Gunn noted that the governors of Montana and South Carolina last week announced they were ending their states’ participation in the $300 a week federal COVID-19 benefits. Politicos and pundits nationwide have surmised increased pandemic unemployment benefits and stimulus payments have incentivized many people to not return to work.
Last August, Reeves announced the state would participate in a federal COVID-19 unemployment stipend created by an order of the Trump administration that would provide unemployed Mississippians an extra $300 a week. In Mississippi, state benefits are a maximum $235 a week, with the average payment at less than $200, compared to the national average of $308 a week.
House Ways and Means Chairman Trey Lamar, R-Senatobia, said he has heard from numerous employers in his district that they can’t find workers because of increased pandemic benefits.
“Not just one or two (employers),” Lamar said, “but a substantial number of businesses just here in my little hometown of Senatobia — restaurants, other businesses. The place where I used to get coffee in the mornings can’t open in the mornings because they don’t have enough workers … I think it’s past the point for this. People can safely go back to work.”
But Mississippi has suffered from low wages, lack of jobs, high unemployment and low workforce participation long before the pandemic.
House Democratic Leader Rep. Robert Johnson of Natchez said, “let’s raise the minimum wage first,” before ending the pandemic unemployment stipend.
Johnson said “people have been working in poverty” because of the state’s $7.25 an hour minimum wage and should not be blamed for taking advantage of an opportunity to earn more thanks to the $300 per week federal benefits stipend.

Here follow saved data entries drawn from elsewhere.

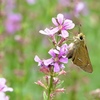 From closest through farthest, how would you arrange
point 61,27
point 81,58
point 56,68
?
1. point 56,68
2. point 61,27
3. point 81,58

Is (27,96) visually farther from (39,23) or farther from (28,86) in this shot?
(39,23)

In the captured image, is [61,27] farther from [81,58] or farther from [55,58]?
[81,58]

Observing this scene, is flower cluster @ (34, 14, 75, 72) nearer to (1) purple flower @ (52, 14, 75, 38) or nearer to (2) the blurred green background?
(1) purple flower @ (52, 14, 75, 38)

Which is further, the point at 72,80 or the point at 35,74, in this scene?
the point at 35,74

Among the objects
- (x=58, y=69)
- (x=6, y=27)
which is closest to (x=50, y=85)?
(x=58, y=69)

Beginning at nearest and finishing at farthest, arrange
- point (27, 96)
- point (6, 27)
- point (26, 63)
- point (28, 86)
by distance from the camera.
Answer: point (27, 96), point (26, 63), point (28, 86), point (6, 27)

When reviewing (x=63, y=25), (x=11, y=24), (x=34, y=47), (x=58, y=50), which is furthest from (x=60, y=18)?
(x=11, y=24)

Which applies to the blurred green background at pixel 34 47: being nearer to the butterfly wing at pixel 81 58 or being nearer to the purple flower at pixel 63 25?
the butterfly wing at pixel 81 58

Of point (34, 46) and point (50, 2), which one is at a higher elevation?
point (50, 2)

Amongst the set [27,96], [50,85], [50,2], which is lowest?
[50,85] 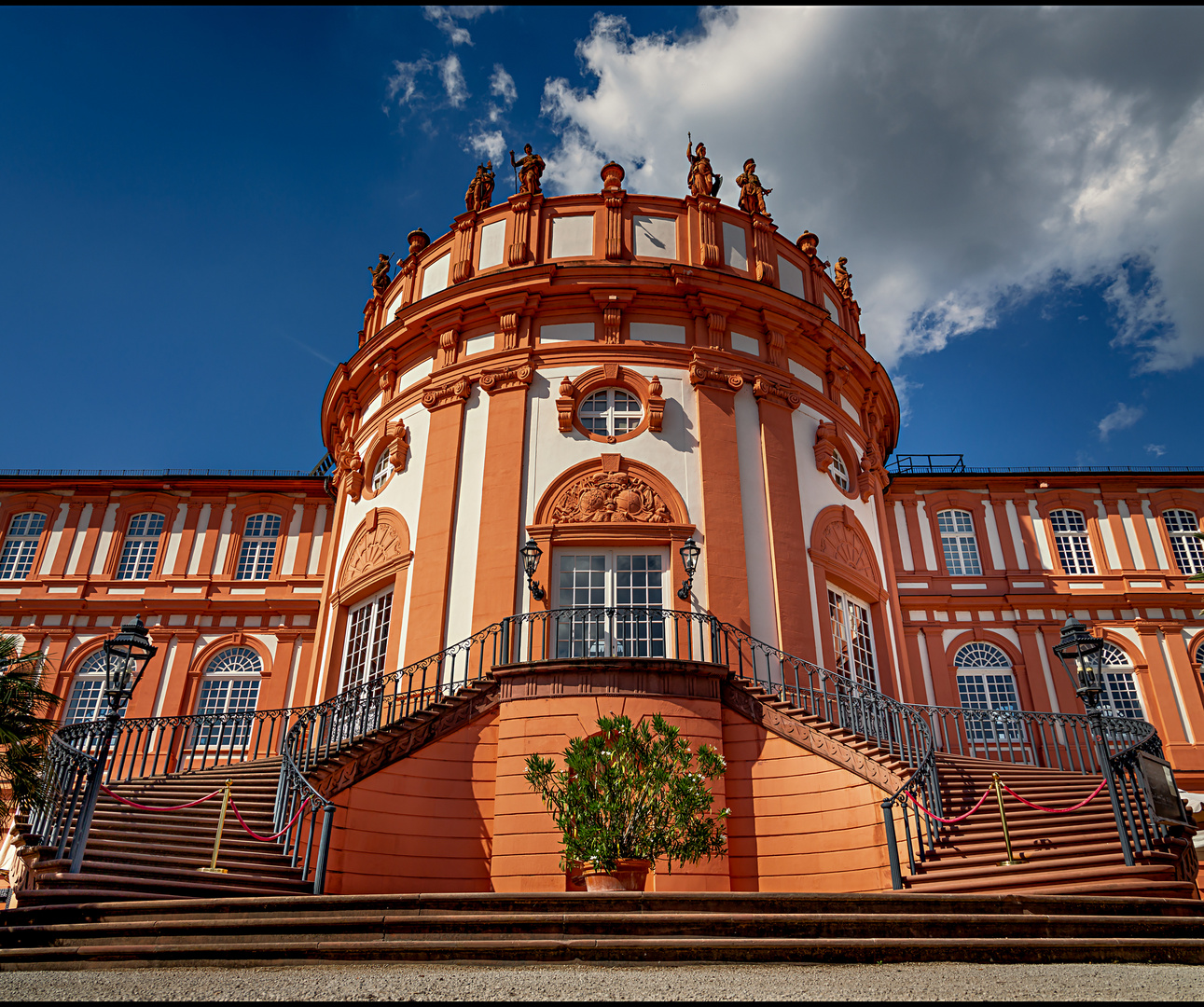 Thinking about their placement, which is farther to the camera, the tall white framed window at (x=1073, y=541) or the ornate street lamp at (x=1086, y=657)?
the tall white framed window at (x=1073, y=541)

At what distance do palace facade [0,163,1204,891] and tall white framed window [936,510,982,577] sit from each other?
85 millimetres

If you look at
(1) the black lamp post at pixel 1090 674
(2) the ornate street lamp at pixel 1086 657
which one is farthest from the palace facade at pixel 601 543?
(2) the ornate street lamp at pixel 1086 657

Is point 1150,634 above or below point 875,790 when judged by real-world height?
above

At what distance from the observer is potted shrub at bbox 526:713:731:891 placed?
978cm

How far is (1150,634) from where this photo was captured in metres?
25.5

Plus, he said, cutting the benefits off without taking other steps could harm people who are legitimately unemployed.
He said many states have increased their minimum wage to as much as $15 per hour. If it was increased to $9 or $10 an hour in Mississippi, Johnson said it would help low wage workers and boost the economy.
Rep. Chris Bell, D-Jackson, said, “It’s very unfortunate to hear about ending the unemployment benefits for Mississippians who are currently out of work.”
“I don’t know of a single person who would rather receive these benefits than find meaningful employment,” Bell said. “The extension of unemployment benefits should not expire.”
Mississippi’s unemployment for March was 6.3%, higher than the national average of 6% and up from 6.1% in February. Overall, Mississippi’s number of jobs remains down by 3% from last year.
Mississippi for March ranked last, at 56.1%, in workforce participation — a trend that predates the pandemic — and it ranks last in median household income at $45,081, also a trend predating COVID-19.
Mississippi’s state economist recently reported that the state is forecast to see a major economic rebound in 2021, including job growth of 1.8%, the highest annual increase since 1998. He noted that much of that growth would be due to federal COVID-19 stimulus spending.